The flesh on the palms of her hands opened and bled furiously, but she held them firmly closed and wrenched the knife free. Their eyes met in that quiet and desolate second before she plunged it into the mass of hatred standing before her. Even a dull tip will penetrate if enough force is applied, and once the knife was embedded she wrenched it furiously from side to side. The attack was over, because the attacker was down and dying, or perhaps even dead.
She dropped the knife, which clattered hollowly on the floor in the confined space. Zee stumbled away, disoriented, and feebly reached for a handle on one of those dreaded doors. It turned but didn’t open. She whimpered, her hands shaking, and looked up at the slip lock that held the door firm. She couldn’t reach it, and there was nothing she could use. The knife! She could slip the lock with the knife! It was then that her arm was broken by the heavy crash of one of the ‘weapons of war’ that had been held in reserve for a ‘special anniversary’.
There in the dim light she spun and pushed at the mass that intended on killing her. Through tears and pain and blood she heard the thud as body met floor, and with her good hand she reached for the weapon and slid the lock open.
Light burst in as she opened the door, disorienting her, making her head spin; bile rose in her throat as she stumbled out into the clean, sweet air of the storage room. She slammed the door shut and staggered away, until she couldn’t go a step further. With a sigh and a small cry she slumped to the floor, one leg tucked under her.

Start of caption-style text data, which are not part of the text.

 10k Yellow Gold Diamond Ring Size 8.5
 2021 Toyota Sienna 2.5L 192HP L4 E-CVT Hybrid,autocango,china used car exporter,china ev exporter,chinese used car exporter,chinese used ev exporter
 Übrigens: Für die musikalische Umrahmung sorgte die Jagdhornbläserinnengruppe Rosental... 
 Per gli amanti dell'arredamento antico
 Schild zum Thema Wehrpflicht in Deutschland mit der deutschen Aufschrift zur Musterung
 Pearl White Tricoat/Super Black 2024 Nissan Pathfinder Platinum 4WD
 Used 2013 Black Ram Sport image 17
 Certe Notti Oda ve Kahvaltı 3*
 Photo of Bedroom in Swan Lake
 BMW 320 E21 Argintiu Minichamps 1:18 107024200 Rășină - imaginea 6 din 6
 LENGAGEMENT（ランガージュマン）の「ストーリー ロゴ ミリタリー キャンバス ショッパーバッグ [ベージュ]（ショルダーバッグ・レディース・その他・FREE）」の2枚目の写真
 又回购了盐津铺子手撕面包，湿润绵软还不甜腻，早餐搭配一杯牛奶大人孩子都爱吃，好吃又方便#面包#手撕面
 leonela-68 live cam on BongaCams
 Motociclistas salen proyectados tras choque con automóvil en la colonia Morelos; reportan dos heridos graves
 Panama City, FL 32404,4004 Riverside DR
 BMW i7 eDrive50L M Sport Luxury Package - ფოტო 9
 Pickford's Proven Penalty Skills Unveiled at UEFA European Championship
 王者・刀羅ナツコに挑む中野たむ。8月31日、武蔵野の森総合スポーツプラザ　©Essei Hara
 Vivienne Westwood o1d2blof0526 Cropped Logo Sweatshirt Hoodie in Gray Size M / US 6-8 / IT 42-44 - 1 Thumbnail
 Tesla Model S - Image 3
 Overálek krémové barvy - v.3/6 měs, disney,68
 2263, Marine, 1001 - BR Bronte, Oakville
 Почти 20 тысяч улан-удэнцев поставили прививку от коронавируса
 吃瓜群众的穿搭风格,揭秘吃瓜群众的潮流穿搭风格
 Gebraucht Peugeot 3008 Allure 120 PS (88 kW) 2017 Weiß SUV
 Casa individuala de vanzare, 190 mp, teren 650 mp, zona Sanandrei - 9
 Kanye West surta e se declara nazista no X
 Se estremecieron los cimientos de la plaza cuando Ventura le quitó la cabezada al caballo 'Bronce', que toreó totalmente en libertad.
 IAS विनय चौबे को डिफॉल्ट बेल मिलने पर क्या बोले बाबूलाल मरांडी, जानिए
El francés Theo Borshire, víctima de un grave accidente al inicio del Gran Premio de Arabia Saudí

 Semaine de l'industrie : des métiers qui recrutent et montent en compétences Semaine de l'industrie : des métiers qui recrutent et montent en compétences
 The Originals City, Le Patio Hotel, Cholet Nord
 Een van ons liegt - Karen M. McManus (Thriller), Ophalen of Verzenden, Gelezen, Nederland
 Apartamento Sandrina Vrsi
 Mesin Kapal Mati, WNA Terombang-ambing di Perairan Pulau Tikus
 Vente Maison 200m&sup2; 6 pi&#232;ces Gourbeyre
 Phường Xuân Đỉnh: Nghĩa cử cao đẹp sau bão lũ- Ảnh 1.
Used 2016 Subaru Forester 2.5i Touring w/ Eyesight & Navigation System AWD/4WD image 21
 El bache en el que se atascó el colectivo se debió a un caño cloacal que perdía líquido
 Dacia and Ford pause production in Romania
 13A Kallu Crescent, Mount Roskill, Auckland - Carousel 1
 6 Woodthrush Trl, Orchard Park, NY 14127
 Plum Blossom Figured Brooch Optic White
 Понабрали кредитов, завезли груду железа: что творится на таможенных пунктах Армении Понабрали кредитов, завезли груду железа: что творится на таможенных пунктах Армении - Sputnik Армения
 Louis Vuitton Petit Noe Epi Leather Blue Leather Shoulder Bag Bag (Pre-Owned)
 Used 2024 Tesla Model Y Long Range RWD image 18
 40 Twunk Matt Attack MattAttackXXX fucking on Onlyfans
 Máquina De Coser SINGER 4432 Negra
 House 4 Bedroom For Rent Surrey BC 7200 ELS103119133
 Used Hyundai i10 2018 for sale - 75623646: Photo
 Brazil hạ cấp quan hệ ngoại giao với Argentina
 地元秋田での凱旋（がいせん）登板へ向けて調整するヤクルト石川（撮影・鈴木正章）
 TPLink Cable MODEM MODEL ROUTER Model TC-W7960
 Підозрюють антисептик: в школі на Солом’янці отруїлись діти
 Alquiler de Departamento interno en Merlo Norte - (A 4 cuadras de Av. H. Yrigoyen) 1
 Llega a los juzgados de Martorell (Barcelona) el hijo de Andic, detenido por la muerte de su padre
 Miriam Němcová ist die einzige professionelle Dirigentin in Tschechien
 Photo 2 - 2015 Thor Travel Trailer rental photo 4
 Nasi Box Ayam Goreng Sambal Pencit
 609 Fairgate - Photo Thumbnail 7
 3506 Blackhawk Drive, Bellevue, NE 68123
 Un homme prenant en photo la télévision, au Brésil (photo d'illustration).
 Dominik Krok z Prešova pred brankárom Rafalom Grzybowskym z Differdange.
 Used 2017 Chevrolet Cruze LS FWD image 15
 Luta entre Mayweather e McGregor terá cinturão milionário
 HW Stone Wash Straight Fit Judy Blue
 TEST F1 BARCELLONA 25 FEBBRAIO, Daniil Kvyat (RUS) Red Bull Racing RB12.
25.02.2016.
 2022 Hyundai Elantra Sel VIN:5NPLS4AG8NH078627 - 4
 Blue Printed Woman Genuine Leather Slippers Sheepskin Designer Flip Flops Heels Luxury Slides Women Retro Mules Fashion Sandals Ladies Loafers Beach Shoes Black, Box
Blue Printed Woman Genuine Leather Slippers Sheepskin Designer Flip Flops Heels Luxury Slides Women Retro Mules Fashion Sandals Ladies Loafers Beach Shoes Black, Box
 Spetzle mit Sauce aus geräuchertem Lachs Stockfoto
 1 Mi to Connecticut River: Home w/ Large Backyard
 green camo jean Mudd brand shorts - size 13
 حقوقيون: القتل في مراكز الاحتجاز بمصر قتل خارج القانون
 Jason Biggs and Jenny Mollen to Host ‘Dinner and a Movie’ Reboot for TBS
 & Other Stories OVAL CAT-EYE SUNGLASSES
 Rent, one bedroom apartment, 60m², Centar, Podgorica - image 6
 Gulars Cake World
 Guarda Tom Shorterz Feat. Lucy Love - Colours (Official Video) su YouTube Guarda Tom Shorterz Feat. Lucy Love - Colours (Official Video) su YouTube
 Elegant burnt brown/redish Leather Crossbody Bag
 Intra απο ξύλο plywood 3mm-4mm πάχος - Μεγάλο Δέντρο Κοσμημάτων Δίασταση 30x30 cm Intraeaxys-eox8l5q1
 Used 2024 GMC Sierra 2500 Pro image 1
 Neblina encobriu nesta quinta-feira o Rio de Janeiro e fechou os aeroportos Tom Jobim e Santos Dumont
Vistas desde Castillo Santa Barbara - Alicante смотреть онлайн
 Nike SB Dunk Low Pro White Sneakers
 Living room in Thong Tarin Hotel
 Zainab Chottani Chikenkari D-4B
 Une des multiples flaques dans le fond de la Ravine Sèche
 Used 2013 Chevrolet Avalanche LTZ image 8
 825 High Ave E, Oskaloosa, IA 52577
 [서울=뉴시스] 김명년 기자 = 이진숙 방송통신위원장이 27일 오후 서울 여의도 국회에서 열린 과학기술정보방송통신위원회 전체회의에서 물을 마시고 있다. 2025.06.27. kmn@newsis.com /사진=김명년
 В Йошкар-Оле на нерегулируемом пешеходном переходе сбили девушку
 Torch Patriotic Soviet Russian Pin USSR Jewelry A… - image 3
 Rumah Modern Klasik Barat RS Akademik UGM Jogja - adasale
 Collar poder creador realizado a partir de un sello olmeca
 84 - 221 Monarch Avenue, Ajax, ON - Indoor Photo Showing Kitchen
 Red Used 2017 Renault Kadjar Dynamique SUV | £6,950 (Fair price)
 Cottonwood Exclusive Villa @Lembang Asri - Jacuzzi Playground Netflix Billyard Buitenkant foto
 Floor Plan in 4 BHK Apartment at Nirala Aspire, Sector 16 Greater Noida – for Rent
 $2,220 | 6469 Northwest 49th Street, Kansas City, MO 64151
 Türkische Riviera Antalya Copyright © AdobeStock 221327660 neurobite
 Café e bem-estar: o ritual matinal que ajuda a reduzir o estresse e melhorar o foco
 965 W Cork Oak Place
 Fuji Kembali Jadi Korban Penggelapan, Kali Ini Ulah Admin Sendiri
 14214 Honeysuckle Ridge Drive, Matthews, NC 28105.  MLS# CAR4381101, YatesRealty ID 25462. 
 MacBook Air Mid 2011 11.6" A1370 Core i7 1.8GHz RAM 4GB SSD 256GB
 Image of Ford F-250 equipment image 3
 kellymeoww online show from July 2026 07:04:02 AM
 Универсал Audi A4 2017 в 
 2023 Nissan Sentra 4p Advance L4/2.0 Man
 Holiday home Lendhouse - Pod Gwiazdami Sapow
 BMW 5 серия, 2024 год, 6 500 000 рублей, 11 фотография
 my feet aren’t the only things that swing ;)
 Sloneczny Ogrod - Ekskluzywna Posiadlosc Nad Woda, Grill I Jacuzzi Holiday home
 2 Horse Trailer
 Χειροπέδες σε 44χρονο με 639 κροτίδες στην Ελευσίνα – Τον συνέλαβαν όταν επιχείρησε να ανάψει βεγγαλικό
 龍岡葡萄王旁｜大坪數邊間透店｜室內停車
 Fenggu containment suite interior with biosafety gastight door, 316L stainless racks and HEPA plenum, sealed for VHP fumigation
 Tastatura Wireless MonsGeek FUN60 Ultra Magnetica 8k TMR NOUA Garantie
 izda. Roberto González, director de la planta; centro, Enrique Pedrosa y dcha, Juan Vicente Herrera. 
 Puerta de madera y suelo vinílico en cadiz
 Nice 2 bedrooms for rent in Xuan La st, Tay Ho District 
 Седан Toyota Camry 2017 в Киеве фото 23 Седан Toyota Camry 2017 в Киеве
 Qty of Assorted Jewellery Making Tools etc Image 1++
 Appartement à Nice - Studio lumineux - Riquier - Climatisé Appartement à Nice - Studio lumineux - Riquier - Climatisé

The darkroom doors burst open, the darkness inside strangely swallowing the light that tried to enter. She saw legs up to the thighs, and the dull outline of the weapon of war she hoped would kill her on the first hit. Staggering out, her father glared at her with eyes so furious they alone could have killed. He took one staggering step and then another. “You bitch,” he said with menace and malice. So, this was it. Devoid of all emotion she looked at him, barely registering the ‘click’ from behind her.
His eyes went wide as he looked past her, and then they went lifeless as the bullet smashed through his forehead. Her mother walked past her, briefly and oh, so tenderly, touching Zee’s shoulder. She walked to the man she had married, looking at him as if studying something curious, and then she aimed the gun and fired twelve more bullets into his lifeless body.
All the photos Zee had taken of her injuries over the years; the hidden space she’d filled them with, everything that had developed in the darkroom chemicals and in her life had been found by her mother in the shed in the yard, where the gun was kept, just minutes ago. Zee’s impressions of her mother had changed over the years as her mother aged, but what had just happened made the biggest impression of all.